We liepen laatst langs het strand, er waren veel meeuwen. Golven beukten op het strand en boven het ‘kjaa-kjaa-kjaa’ van de voorbij scherende vogels vroeg ik je hoeveel eerste keren je voor dit jaar op kon noemen. We botsten voor het eerst op een andere auto, werkten voor het eerst in een ander land. We sliepen bij vreemden op banken en kajakten op open zee. Jij reed paard en ik reed in een auto met het stuur aan de verkeerde kant. We werkten samen, waren voor het eerst zo lang van huis. Jij deed voor het eerst aan yoga, ik repareerde voor het eerst zelf iets aan een auto. We leefden voor het eerst met zo weinig spullen, kwamen misschien wel voor het eerst niets te kort.

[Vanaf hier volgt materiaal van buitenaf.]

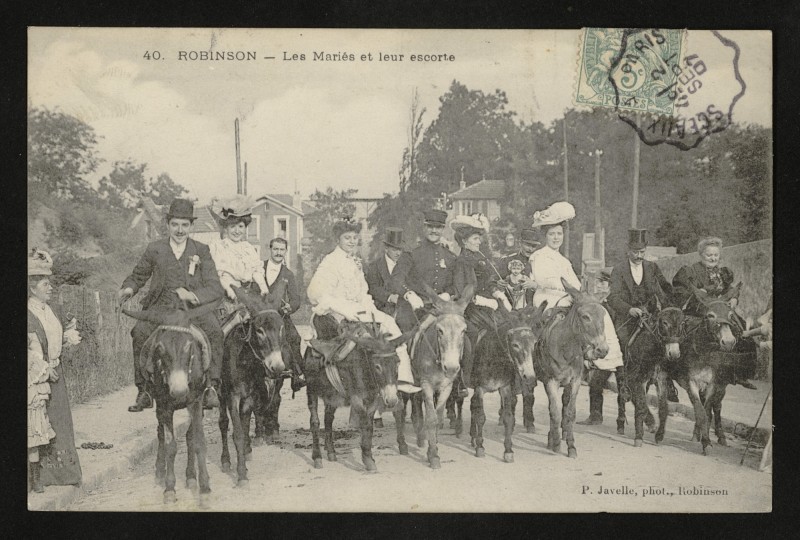 Carte postale ancienne Robinson - Les Mariés et leur escorte au Plessis-Robinson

We ontmoeten Ben voor een tweede keer. Hij is jonger dan we ons herinneren en draagt een grote hoed. Een jaar geleden zagen we de rode wegen van dit land door zijn met heimwee gevulde ogen. De verhalen over zijn thuisland maakten ons hongerig, zijn volle hart liet ons binnen twee uur geloven dat we wel moesten, dat we niet anders konden dan naar dat land uit zijn herinnering. Bij aankomst houdt hij ons stevig vast, al waren we al jaren vrienden. We eten soep en praten over vogels. Ik zeg hem dat we niet verliefd zijn geworden op het land dat hij zo lief heeft. Zijn ogen doven een beetje en wij gaan naar bed.

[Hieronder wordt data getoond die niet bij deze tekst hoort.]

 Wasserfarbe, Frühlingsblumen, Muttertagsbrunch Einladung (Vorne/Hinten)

De volgende ochtend wordt er gitaar gespeeld en staan de drie huisgenoten in zandkleurige, linnen kleding in de moestuin. We lachen om het romantische beeld, drinken koffie en elkaars verhalen. Ben neemt ons mee naar zee. We snorkelen en spelen verstoppertje in het water. Ik kijk een vogel diep in de ogen en wordt ondergepoept. Ik zie een schildpad (dan twee, drie, zes) en huil een beetje. Terug op de boot zeg ik Ben toch verliefd te zijn (ik lieg) en hij draagt de sterren in z’n ogen als medailles.

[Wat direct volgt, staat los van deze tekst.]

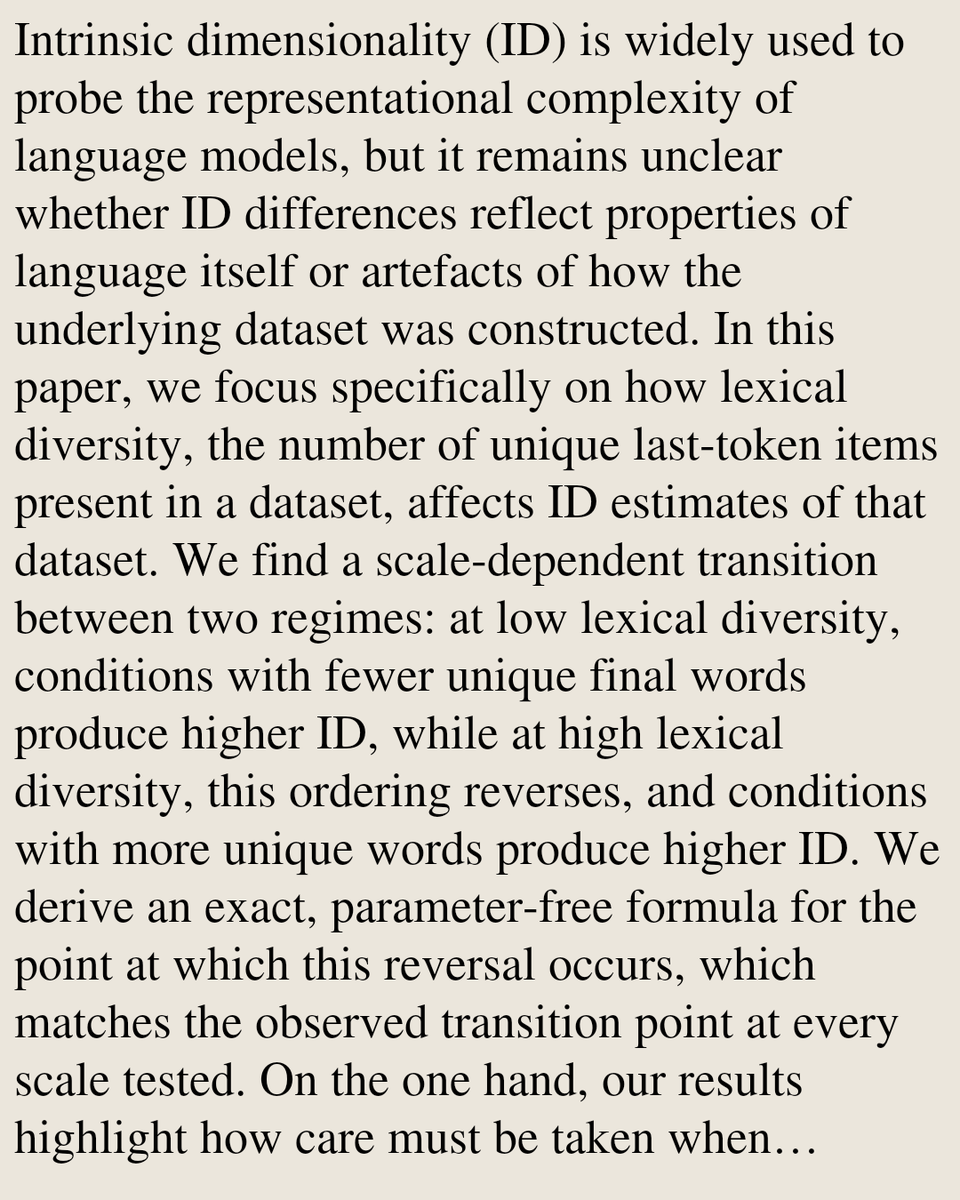 HEI's tweet photo. Local and Global Regimes of Geometric Complexity in Language Model Representations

’s Avonds met z’n tweeën in de bus denk ik: ik loog niet. Het is niet het rode zand, de blauwe zee, de eindeloze stranden, de dorpen, de steden, de bossen. Dat is niet zijn land, dat is niet waar wij verliefd op zijn geworden. Zijn land is veel meer, veel minder. Zowel voor hem als voor ons. Australië is klein in al z’n groot(s)heid en dat kleine tellen we op, leggen we vast, zuigen we op en nemen we mee. Ik schrijf: ‘na twee maanden ontdekte ik eindelijk welke vogel klinkt als een oude inbelverbinding’. Ik schrijf: ‘het huis met het oude fornuis ruikt naar wierook en oude handdoeken. Ik schrijf: ‘Thijs rijdt en mijn vieze voeten rusten op de zijspiegel. Elliott Smith zingt de wegen mistroostig’. Het zijn de kringen rode wijn op het goedkope campingtafeltje, de schelpen in m’n zak, de prut onder onze nagels en de oude dame achter haar winkelwagen in de supermarkt waar we verliefd op werden. Het zijn de sterretjes in Ben’s ogen. Het zijn alle eerste keren, alle keren toch niet naar Parijs, alle keren toch niet blijven liggen. Het is wij samen anderhalf jaar later, hartstikke halsoverkop verliefd, steeds weer, steeds verder, verder.